司伯言有些气急,“你何必说这种话?我怎会让你出这样的事?沅贵妃的事,也与大长公主无关……”
“当真是与她没半点关系吗?那她为何夜夜梦魇?”
“常乐!”
司伯言猛然提高了声音,将常乐吓了一怔。
下刻,常乐一张脸悲愤交加,也提高了声音吼回去。
“司伯言!”
声音大的外头都能听见,众人想与旁边的人面面相觑都不敢。
易河盛咳了一声,将众人调离,离书房更远些。
这俩人是怎么又吵起来了?还吵得这么凶……
房中,常乐已经气到跪在了地上,一只手撑着御案。
“我算是看明白了,你就事事护着你的大长公主。那好,如霜该进宫进宫,你也不用跟我解释。大长公主不是让我不能怀你的子嗣吗?我这就去做绝育。”
说着,常乐便站了起来,险些一个趔趄,一把推开着急来扶的司伯言。
“我说错了,是我不会再跟你有别的关系了。”
“你与其浪费时间在我身上,让大长公主不放心,让群臣说闲话,让我不得安宁,你还不如去后宫陪陪那些被你冷落到抑郁的妃子,她们起码有家势有背景清白没二婚,还怀着你的孩子。”
“常乐!”
司伯言上前拉住,但常乐气的发了疯,咬了他一口又把他乱打了一通,挣脱后迅速跑出了御书房。
书房的门扇重重地砸在门板上。
司伯言气急败坏,咬了咬后槽牙,浑身怒气地站在原地。
他刚刚当真是太过激动了。
但这常乐怎么还是这般,突然间就蛮不讲理起来,暴躁的像只母老虎,根本拦不住。
怪他太过听大长公主的话,她可又考虑过自己的感受?
若是她有这么个姑姑,还不知是如何的逆来顺受。
抬眼见着易河盛进来,正好找到了出气筒。
“你进来干什么?去将常乐跟着。”
“已经让人跟着了。”
易河盛老实回话,瞧了眼司伯言右手的手腕,那里有个大牙印子,还流了血。
咬的可真够深的。
想了想,提醒司伯言。
“陛下,她这可以当刺客论处了。”
当即收到一个冷冷的白眼,仿佛想凌迟处死的对象是他。
易河盛张了张嘴,有些小委屈地问,“那末将去找太医来?”
“不必了。”
司伯言甩了下手,回到御案后坐下,将右手搁置一边不去看。
发现易河盛那个木头人还杵在原地不动,直勾勾的看着自己,当即给了个凌厉的眼神将他赶出去。
易河盛犹豫了下,临走前还是劝一句。
“陛下,内子说过,宠坏了的女人在生气的时候,不能吼。”
一封奏折迎面扔过来,他偏了下身子,让它拍中自己的侧脸。
回头见着司伯言阴沉的表情,还得舔着脸捡起地上的折子,态度良好的将折子送上去,恭恭敬敬地放在他面前的桌案上。
整套动作十分标准,都可以当做伺候人的最佳范本。
“内子说,得这样哄着。”
司伯言气得磨了磨牙,似笑非笑地看着他。
“这成亲了就是不一样,知道的都多了,哄女人的法子都这么清楚?”
声音像是从牙缝里挤出来的。
易河盛严肃地维护自己的名誉,“末将根本用不着,我吼一下内子就安生了,而且内子从来也不发脾气。”

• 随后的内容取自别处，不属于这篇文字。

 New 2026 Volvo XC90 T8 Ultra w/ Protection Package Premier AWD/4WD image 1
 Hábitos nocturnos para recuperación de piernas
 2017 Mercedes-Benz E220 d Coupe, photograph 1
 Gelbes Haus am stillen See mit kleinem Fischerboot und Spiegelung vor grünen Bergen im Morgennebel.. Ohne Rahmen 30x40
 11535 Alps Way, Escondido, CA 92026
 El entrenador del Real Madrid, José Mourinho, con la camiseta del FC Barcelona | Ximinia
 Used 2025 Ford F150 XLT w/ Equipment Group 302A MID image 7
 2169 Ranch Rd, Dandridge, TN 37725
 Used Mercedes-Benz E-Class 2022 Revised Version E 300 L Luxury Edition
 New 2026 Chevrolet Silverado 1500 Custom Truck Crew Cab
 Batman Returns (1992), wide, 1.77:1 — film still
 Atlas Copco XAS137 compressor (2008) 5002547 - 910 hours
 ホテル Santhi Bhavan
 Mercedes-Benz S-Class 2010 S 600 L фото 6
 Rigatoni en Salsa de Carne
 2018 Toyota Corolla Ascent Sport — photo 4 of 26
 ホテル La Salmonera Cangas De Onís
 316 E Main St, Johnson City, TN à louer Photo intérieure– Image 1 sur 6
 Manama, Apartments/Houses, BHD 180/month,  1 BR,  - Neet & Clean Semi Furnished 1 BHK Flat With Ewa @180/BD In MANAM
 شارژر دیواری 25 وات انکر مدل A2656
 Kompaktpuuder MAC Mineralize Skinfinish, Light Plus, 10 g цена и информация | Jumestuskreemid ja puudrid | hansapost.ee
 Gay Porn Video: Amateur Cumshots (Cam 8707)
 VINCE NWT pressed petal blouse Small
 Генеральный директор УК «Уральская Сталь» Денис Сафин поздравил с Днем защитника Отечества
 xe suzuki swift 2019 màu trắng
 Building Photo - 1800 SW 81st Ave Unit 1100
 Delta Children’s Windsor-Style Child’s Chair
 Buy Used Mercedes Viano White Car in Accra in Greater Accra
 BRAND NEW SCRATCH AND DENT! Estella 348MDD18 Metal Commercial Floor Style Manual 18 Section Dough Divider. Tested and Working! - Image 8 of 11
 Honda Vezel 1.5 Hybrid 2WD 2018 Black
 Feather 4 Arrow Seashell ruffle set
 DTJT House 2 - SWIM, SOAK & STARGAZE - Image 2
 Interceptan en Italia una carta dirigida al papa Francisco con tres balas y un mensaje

长袖下受伤的右手紧紧攥住,心口都疼的厉害,司伯言面上不动声色,轻声开口。
“容回!”
一直候在外面的容回赶紧进来。
“拟旨。”
易河盛有种不好的预感,但听司伯言幽幽开口。
“中卫将军易河盛,忠心为君,品性可嘉。易家忠骨,常为君上,朕心甚慰。特择秀女三人赏与易河盛为妾,望易家开枝散叶,子孙成荫,再为大氏。”
易河盛当即傻眼,噗通跪了下去。